We may not hold opposing viewpoints on everything, but our experiences have shaped our perceptions and expectations of the future.
Some perceive injustices in all things, and some perceive opportunities in all things. 

Think about it. 
Do you know anyone who is so resoundingly happy in their life that you envy them for it? They've probably had some struggles... maybe even some really big, terrible, fat, in your face failures or tragedies but they still carry on with a smile and a genuinely gracious heart.
On the other side of the spectrum, do you know someone who seems to have everything they could ever want or need and yet all they do is complain and reach for more?? Terrible to be around, right?

What's the difference here? It's all mindset.

You are what you believe you are. Plain and simple. 
If you believe that you are blessed beyond measure, then you will be. 

...................................................................................

The past couple of years for me have been a battle in believing in myself. 

I graduated from college, got married, worked full time and felt totally purposeful and content with my life.
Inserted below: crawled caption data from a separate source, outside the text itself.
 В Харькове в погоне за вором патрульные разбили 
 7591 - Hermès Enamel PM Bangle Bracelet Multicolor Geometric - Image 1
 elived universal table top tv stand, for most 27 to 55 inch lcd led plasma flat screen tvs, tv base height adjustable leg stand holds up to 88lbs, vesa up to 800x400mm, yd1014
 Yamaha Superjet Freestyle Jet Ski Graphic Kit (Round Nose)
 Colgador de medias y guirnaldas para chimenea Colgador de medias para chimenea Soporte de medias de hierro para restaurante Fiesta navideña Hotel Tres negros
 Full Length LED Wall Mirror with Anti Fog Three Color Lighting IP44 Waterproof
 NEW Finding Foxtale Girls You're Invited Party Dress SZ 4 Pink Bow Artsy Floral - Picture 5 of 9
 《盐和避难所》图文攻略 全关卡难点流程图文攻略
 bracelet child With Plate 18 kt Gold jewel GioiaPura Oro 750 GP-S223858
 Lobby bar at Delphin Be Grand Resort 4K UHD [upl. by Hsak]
We had an awesome first year of marriage where we shared the household duties, spent our evenings and weekends together or in the company of good friends.... and then with the snap of a finger (it seemed) we were flipped totally upside down.
My husband started his training with the military and we moved away from our families for the first time.
I went from bringing in half of our family's income to bringing in none of it... from doing some of the household chores (but really, honestly not that many because my husband is wayyyyyyy better at it than me) to doing ALL OF THEM. 

housewife chores cleaning fulfillment love life happiness thoughts belief military spouse stay at home



"I don't want to be a housewife." 
"I am not good at cleaning."
"I'm the Queen of Clutter."
"I don't have any friends here."
"This is f-ing terrible."
These are the negative thoughts that were pounding inside my head for a solid few months.

And I tell you what.. they all came true. I couldn't keep our house clean to save my life, my crap was ev-ry-where, I would cry on the phone to my friends from home about all of the above, and I was adding stress to my husband's already overly stressful days. It wasn't fair to him and it DEFINITELY wasn't fair to me. 
So I changed my mindset. 

After I spent about 3 months wallowing in self-deprecating thoughts about how terrible it all was, I realized that I was the only one who could change it. 
There certainly wasn't a magic fairy who was going to come out of the walls and make it happen for me. 

I accepted the fact that at this time in our life, I need to be a housewife. This is my role on our team right now... So I better be damn good at it. 
I made charts with what days I would clean different parts of the house (I meeeeean I didn't always stick to them, but at least there was a plan). 
I made lists of what I would make us for dinner each week, and it gave my husband and I something to look forward to during long days of training.
I would spend 10 minutes a day trying to get my clutter under control-- sometimes that literally just meant shoving it all in the back of my closet, but who cares? 
And you know what... as I started to change my mentality about these mundane tasks that I thought I hated, I began to feel like myself again. 
I enrolled in a program to become a Personal Trainer, because I needed to invest some time in developing myself and my own interests.
I got a cat, because GOSH DARNIT if I couldn't find any human friends I was absolutely going to have an animal friend ;)
AND THEN YOU KNOW WHAT HAPPENED??? I made one of the most amazing friends of my whole life. 


Taking silly selfies in the Commandant's house... we knew it was meant to be at this point :)

It's incredible what can happen for you when you simply open your mind and allow possibilities to present themselves to you.
I was finally happy again. I was taking control back, and it all started with my mindset! 

Change didn't happen with the snap of a finger, and I am absolutely still a work in progress... but since I have changed my mindset and become open to that progress, I have found my daily life so much more rewarding.

What negative energy are you holding onto right now?

Is there something in your life that you could interpret differently if you just would allow yourself?

If you can begin to view every struggle as an opportunity to grow and improve yourself, you will be amazed at how much better you will feel. It takes such a weight off your shoulders!

There will always be things in life that you can't control.
What you CAN and MUST control is your reaction to those outside forces. 

Do you want to be a pillar of joy or sorrow?
It really is that simple. Make the decision now. 
And consider your thoughts carefully as you move throughout your days.

Your thoughts become your reality... choose wisely.